Information provided START

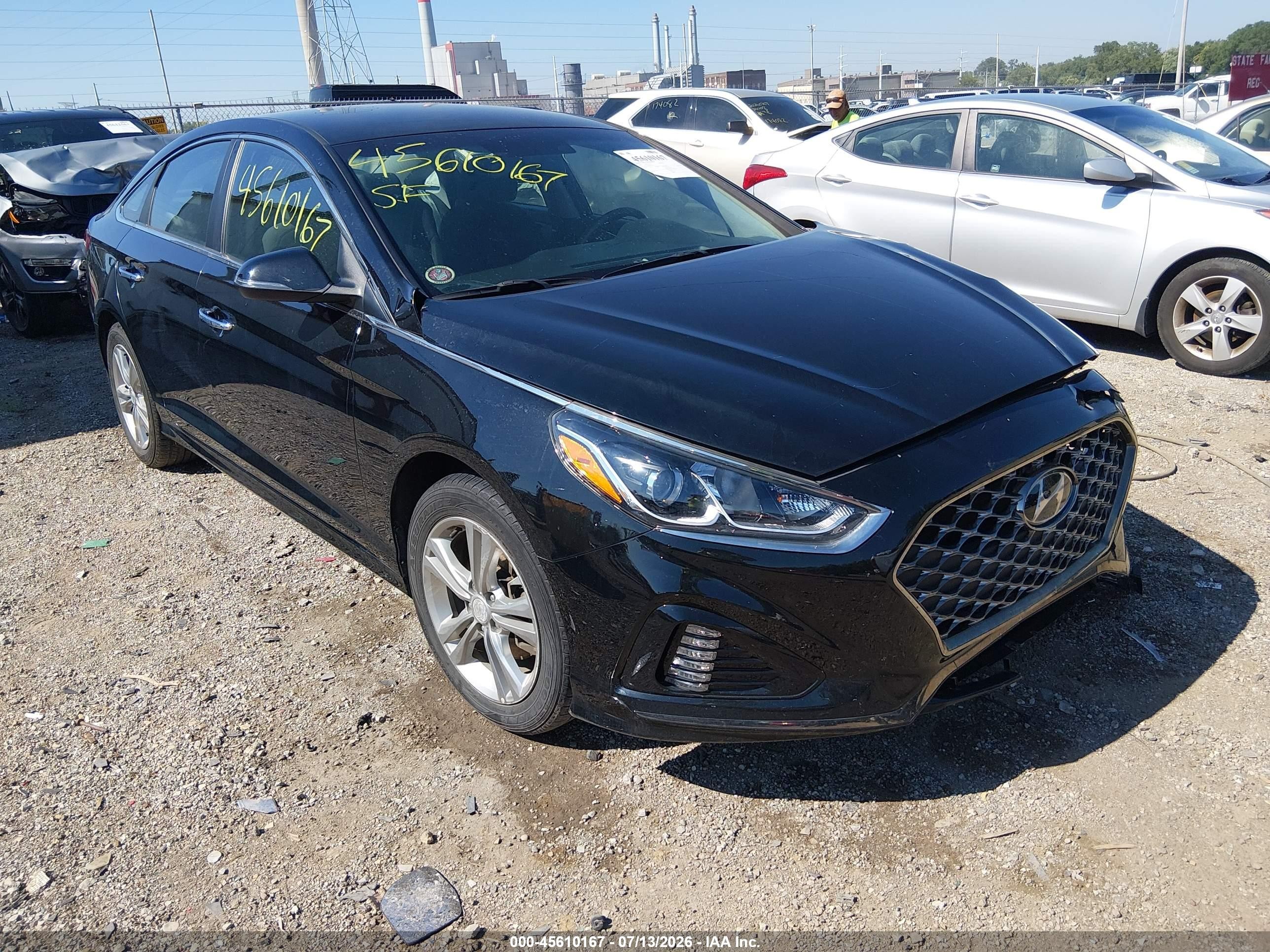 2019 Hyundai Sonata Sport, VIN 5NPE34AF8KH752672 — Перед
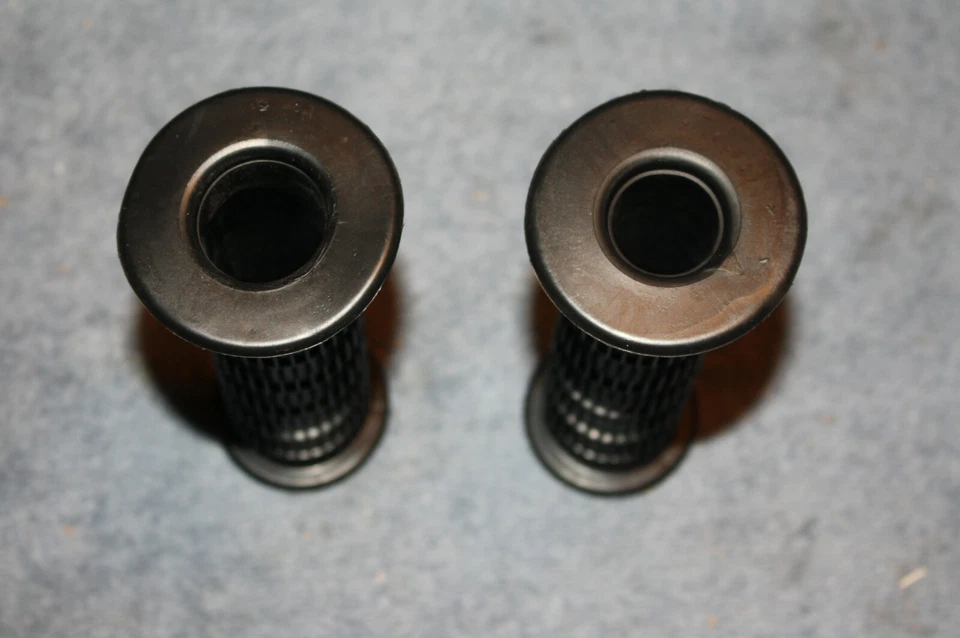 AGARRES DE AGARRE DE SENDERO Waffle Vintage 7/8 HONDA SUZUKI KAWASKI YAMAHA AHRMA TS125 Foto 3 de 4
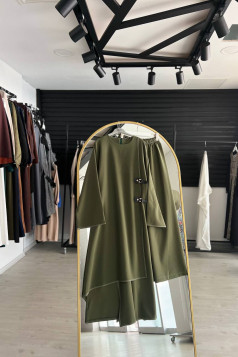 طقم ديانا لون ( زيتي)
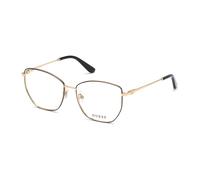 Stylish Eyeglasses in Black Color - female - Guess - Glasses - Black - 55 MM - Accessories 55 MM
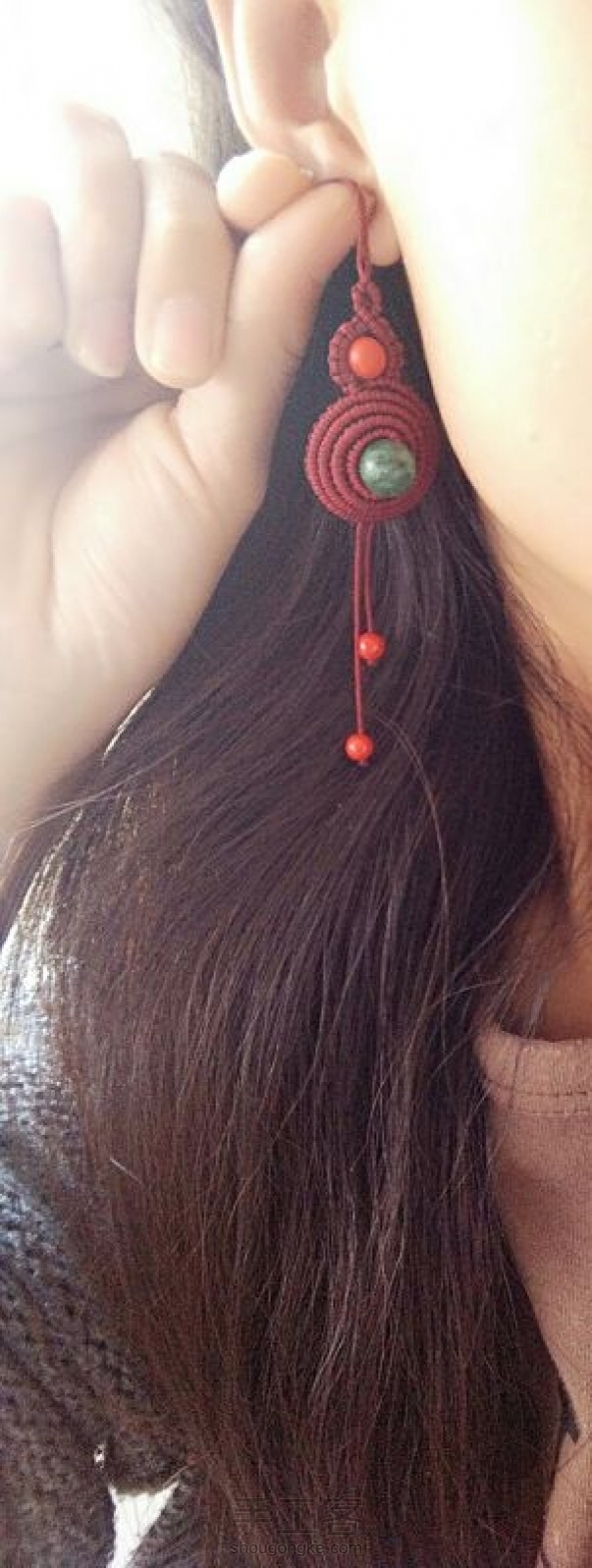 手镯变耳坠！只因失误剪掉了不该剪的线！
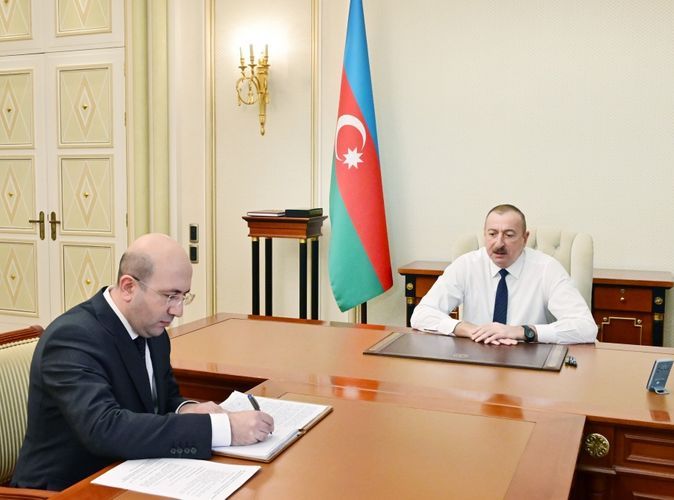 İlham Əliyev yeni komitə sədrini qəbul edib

Information provided END

- [Task goal]: Because the copy must hold no pictures, return only the lines that run from the line containing "طقم ديانا لون ( زيتي)" to the end of the data above, each exactly as it stands.

- [Solved problem]:
 طقم ديانا لون ( زيتي)
 Stylish Eyeglasses in Black Color - female - Guess - Glasses - Black - 55 MM - Accessories 55 MM
 手镯变耳坠！只因失误剪掉了不该剪的线！
 İlham Əliyev yeni komitə sədrini qəbul edib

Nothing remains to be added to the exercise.